GOAL OF THE EXERCISE: Identify every line in the records below that contains the word "makeup", and reproduce each one.

Collected data

--------------------------------

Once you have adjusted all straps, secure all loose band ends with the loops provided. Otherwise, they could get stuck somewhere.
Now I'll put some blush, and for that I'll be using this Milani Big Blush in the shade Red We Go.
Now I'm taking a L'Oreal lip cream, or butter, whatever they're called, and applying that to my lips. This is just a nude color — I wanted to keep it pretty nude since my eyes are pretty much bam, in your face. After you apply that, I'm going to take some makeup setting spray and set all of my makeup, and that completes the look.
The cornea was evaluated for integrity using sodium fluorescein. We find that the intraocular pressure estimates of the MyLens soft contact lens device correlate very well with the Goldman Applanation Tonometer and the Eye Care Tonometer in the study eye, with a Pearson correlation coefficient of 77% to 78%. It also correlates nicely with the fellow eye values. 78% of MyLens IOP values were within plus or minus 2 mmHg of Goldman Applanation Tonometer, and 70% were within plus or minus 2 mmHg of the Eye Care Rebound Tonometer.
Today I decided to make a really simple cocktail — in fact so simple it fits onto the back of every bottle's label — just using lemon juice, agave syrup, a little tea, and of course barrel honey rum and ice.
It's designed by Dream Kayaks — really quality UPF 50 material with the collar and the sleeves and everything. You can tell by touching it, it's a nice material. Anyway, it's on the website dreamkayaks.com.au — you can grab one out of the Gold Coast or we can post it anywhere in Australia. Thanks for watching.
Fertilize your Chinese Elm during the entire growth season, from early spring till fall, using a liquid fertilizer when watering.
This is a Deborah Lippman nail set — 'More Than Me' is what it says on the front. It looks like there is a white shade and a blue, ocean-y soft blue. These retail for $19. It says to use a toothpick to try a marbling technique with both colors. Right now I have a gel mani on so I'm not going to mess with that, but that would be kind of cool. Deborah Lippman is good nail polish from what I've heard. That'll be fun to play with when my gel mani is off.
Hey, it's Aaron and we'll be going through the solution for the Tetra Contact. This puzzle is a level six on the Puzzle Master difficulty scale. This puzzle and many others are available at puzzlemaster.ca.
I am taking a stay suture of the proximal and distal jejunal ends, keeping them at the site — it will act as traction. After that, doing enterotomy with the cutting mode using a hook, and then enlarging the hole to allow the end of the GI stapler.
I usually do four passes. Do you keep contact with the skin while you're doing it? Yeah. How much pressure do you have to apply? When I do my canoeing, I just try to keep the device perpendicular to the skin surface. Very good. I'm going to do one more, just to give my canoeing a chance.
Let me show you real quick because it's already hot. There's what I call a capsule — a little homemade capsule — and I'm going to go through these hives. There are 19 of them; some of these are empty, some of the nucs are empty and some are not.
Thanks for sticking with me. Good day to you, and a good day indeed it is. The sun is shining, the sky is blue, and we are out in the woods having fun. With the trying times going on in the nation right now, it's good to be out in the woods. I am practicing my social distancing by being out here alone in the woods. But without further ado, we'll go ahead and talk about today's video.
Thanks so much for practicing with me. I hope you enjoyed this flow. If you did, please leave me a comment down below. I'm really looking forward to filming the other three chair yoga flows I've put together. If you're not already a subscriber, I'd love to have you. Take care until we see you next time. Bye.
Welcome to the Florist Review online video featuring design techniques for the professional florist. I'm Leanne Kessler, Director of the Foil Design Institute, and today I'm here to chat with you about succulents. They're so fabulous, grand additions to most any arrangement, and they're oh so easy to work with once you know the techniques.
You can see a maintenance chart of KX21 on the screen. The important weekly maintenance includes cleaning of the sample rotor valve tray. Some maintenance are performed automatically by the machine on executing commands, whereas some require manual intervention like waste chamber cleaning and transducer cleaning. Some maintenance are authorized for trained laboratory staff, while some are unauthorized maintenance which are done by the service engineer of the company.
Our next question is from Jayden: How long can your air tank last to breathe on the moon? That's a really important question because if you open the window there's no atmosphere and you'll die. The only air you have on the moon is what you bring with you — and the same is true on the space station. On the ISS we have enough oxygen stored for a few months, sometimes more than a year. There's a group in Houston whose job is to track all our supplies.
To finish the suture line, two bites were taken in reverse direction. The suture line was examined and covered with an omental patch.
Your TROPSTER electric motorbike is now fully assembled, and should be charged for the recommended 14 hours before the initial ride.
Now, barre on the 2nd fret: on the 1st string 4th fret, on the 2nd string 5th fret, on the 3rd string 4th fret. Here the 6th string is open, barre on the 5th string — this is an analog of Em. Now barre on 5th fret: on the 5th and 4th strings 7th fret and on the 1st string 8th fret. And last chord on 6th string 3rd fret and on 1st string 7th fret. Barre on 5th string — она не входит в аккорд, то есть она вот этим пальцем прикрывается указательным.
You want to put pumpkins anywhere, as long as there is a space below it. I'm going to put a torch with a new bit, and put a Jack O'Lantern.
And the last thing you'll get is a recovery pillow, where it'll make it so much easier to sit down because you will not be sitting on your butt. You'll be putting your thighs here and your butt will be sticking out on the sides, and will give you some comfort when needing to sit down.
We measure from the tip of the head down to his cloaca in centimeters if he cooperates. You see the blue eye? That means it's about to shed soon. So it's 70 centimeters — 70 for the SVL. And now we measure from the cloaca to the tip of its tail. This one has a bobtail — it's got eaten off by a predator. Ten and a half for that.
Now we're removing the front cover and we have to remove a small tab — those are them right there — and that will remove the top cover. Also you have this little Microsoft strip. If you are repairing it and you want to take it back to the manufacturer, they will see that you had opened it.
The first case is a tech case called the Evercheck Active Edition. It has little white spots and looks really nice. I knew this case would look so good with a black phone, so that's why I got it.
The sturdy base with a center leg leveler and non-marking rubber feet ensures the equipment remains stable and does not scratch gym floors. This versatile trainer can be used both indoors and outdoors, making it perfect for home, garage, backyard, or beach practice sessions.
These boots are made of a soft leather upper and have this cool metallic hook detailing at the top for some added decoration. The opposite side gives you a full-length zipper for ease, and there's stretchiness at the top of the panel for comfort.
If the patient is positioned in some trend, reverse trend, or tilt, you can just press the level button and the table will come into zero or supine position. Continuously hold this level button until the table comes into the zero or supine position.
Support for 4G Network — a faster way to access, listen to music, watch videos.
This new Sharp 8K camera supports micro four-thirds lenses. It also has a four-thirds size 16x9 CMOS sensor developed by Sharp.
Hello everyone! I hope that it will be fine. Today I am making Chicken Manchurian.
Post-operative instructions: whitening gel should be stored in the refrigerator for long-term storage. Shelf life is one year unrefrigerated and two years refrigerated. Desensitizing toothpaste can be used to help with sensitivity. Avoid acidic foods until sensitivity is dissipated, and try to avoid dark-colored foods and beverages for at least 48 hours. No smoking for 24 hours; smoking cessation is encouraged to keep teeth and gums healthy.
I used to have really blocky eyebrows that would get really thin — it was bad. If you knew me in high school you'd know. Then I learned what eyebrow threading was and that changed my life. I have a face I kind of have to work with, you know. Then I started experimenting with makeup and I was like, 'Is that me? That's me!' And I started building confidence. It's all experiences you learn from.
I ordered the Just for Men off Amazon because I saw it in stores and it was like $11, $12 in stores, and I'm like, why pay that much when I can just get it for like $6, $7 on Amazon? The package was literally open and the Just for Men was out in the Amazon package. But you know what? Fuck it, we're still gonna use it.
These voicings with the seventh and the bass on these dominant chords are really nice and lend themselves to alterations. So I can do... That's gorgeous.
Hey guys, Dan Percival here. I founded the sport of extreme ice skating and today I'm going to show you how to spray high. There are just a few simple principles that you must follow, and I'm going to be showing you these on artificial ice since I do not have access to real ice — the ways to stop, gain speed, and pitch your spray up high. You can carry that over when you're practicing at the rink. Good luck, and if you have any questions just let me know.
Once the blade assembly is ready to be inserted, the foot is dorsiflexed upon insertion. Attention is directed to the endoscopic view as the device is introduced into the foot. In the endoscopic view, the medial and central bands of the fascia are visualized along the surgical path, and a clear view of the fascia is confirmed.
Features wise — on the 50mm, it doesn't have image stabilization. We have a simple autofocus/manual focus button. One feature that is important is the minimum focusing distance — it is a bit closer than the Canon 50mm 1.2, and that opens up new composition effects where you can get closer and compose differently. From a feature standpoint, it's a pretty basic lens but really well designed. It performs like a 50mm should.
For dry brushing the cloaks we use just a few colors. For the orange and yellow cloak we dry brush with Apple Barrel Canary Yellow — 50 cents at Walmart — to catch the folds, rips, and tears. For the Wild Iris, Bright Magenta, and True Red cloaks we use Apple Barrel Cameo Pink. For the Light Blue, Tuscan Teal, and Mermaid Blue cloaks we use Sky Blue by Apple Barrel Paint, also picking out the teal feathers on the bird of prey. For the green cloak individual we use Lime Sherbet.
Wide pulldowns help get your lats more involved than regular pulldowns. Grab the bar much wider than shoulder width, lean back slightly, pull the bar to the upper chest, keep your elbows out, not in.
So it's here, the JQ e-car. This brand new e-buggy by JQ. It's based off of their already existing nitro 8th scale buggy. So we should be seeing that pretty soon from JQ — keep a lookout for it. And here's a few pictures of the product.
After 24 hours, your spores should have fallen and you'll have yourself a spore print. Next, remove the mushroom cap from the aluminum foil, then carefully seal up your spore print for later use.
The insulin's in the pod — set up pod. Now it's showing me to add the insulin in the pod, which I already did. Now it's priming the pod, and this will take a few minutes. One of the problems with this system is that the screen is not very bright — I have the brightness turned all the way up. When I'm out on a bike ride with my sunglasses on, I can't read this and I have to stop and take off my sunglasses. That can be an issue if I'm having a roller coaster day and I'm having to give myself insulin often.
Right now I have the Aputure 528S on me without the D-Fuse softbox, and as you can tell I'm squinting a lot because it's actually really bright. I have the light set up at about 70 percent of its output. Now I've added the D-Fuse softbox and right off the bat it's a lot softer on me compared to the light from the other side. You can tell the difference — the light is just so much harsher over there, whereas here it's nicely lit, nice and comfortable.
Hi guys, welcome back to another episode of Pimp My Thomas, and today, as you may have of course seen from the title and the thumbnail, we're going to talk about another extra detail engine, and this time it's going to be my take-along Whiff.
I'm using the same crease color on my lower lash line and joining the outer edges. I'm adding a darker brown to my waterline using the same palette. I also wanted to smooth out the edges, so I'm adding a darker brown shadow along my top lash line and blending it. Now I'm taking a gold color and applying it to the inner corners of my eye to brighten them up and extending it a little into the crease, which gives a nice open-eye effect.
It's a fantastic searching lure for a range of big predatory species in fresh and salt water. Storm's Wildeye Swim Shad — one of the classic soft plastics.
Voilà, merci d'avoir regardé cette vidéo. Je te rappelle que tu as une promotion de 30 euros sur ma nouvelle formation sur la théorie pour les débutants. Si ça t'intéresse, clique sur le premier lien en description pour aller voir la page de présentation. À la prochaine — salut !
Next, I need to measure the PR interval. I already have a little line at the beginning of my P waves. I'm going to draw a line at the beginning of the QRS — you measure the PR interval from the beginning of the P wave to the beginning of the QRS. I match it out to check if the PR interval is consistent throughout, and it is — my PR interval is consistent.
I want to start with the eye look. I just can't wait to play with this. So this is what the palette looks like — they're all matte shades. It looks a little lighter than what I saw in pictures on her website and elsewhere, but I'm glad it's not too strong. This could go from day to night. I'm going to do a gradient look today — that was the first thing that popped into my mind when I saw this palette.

--------------------------------

TASK RESPONSE:
Now I'm taking a L'Oreal lip cream, or butter, whatever they're called, and applying that to my lips. This is just a nude color — I wanted to keep it pretty nude since my eyes are pretty much bam, in your face. After you apply that, I'm going to take some makeup setting spray and set all of my makeup, and that completes the look.
I used to have really blocky eyebrows that would get really thin — it was bad. If you knew me in high school you'd know. Then I learned what eyebrow threading was and that changed my life. I have a face I kind of have to work with, you know. Then I started experimenting with makeup and I was like, 'Is that me? That's me!' And I started building confidence. It's all experiences you learn from.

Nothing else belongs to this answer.